A team of researchers at Massachusettes Institute of Technology (MIT) have developed a new type of robot that could be a revolution in building everything from airplanes to bridges and even massive superstructures.
BILL-E, short for Bipedal Isotropic Lattice Locomoting Explorer is developed with the vision of graduate student named Benjamin Jenett, working with Professor Neil Gershenfeld for his doctoral thesis work at MIT’s Center for Bits and Atoms looks like a small arm with a hinge at the middle that gives the robot its signature inchworm-like movement. At both ends of the robot’s arm, it includes tools called “voxels” for clamping down on structures.

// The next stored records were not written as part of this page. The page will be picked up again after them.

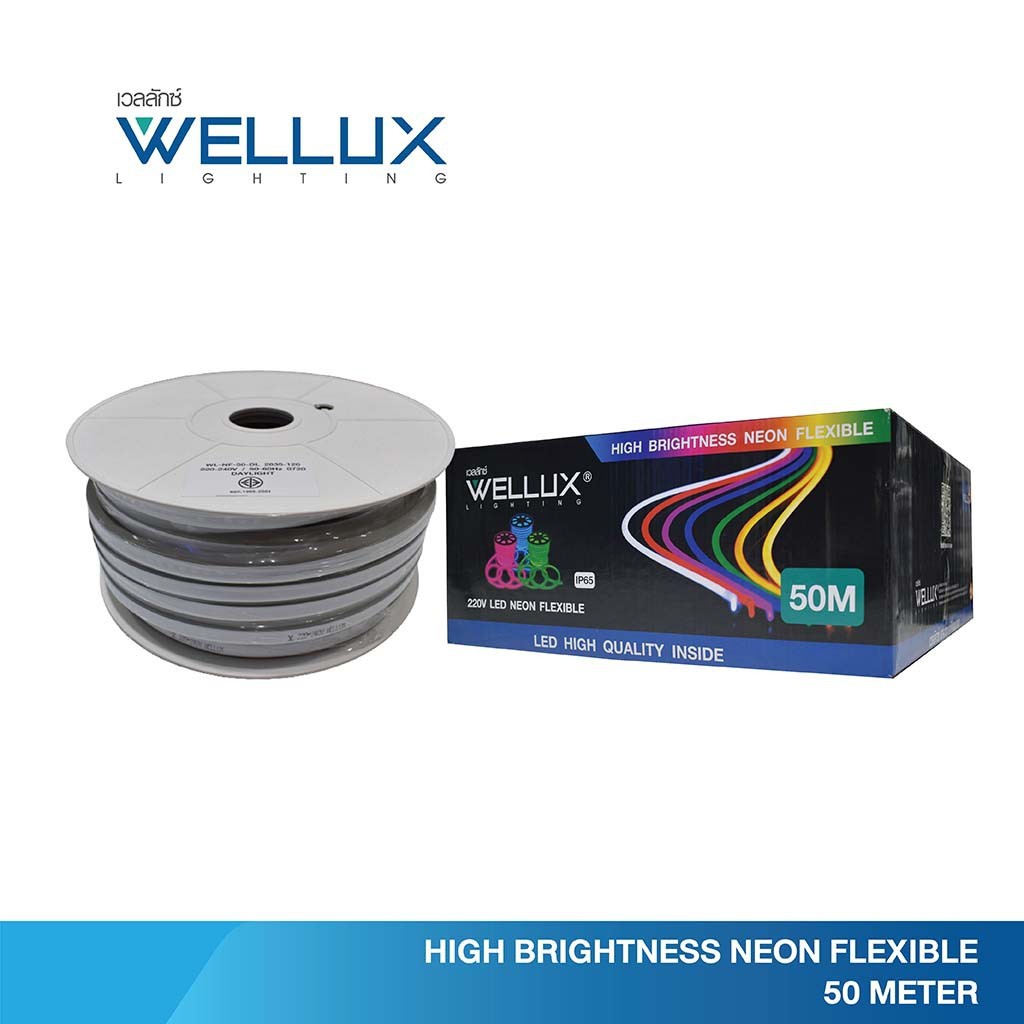 [แถมหัวจ่ายไฟ 4 ชุด]WELLUX ไฟเส้น LED NEON FLEXIBLE 50 เมตร 220V กันน้ำใช้งานภายนอกได้ มีให้เลือก 7 สี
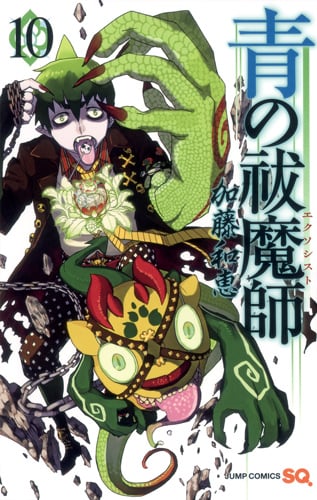 青の祓魔師 (10) (ジャンプC)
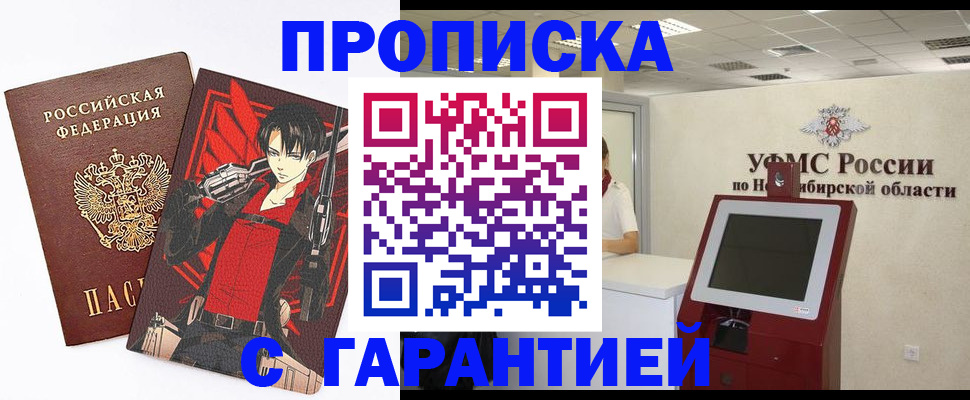 прописка паспорт в Нижнем Ломове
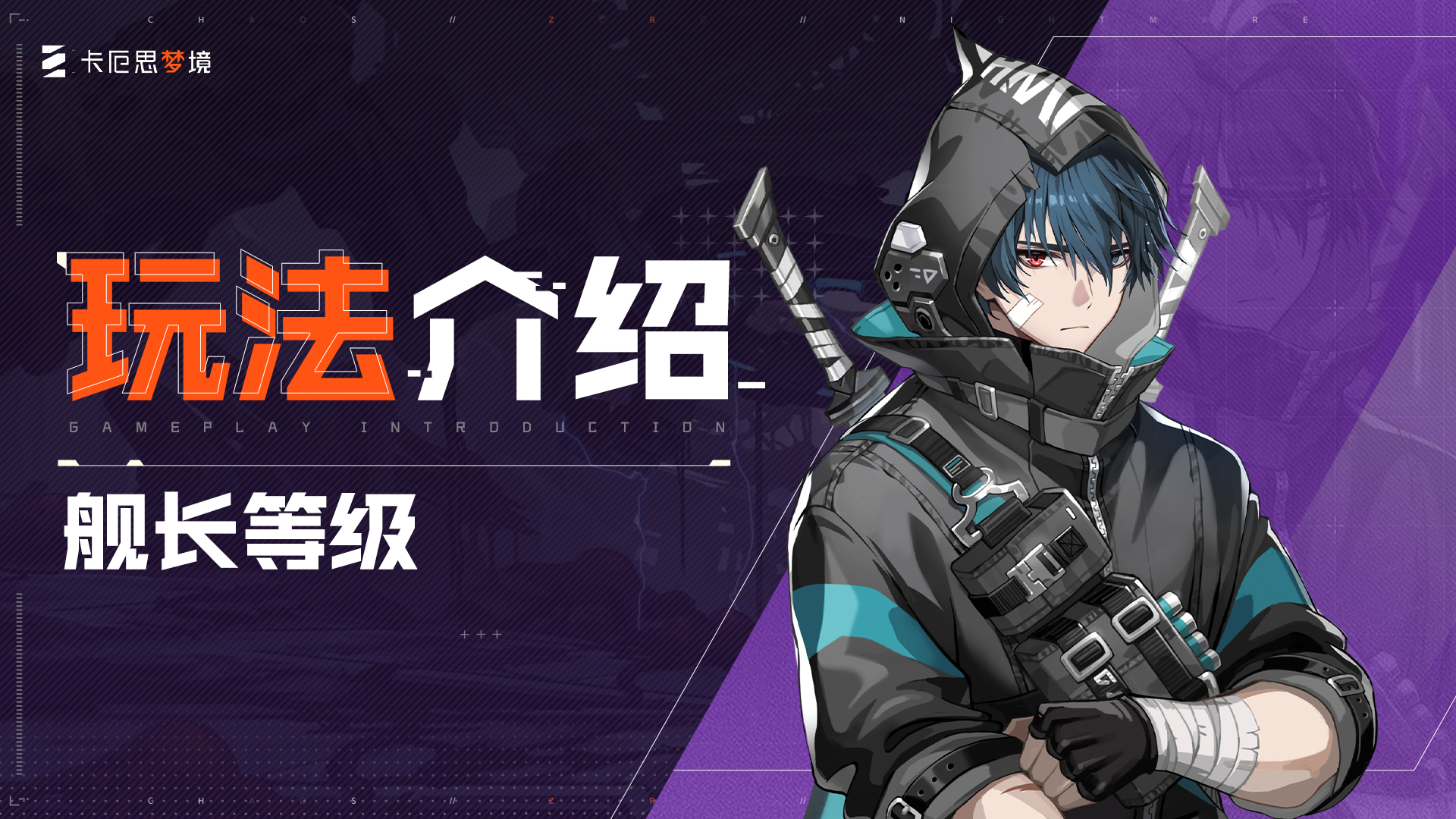 【卡厄思梦境】玩法介绍-舰长等级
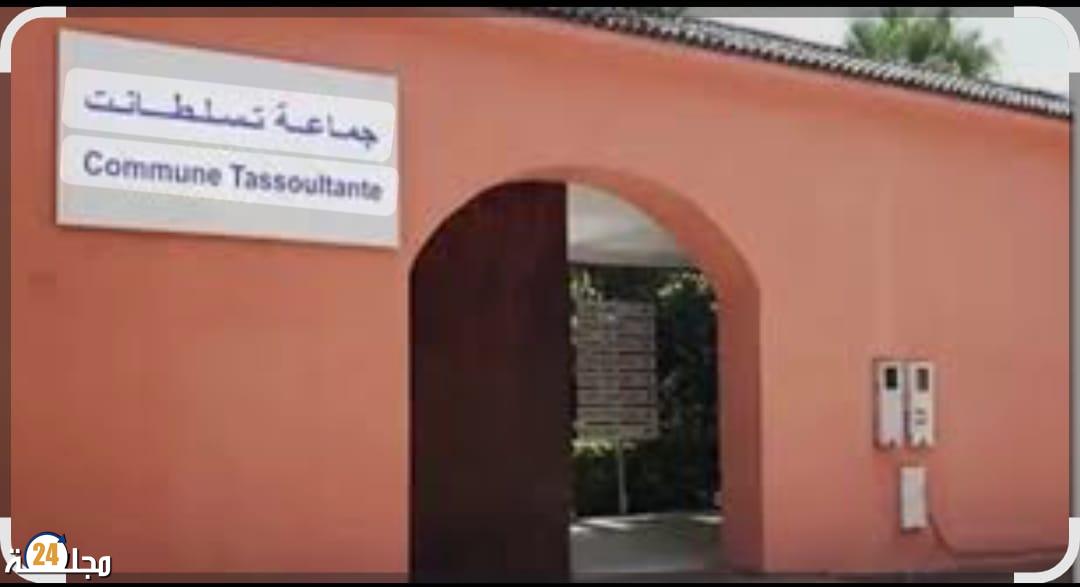 دار الطالبة بتسلطانت: من ضرورة اجتماعية إلى عبء تدبيري واستغلال سياسي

Professor Gershenfeld says that “you can’t separate the robot from the structure — they work together as a system” these robots don’t require highly precise navigation systems to keep track of their position instead it uses “voxels” every time the robot takes a step onto the next voxel, it readjusts its sense of position, always in relation to the specific components that it is standing on at the moment.



Using these assembler robots large structures can be made easily like building LEGO castles which uses the block design as even with the army of robots working together never get in each other’s way. They are easy to repair and maintain if any damage occurs the damaged parts will be replaced with the new component making it as robust as the original.
This project is published in the October issue of the IEEE Robotics and Automation Letters.
It’s still a prototype and the final model will take some time since it’s a new technology but the project has received interest and financial support by heavyweights including NASA and Airbus.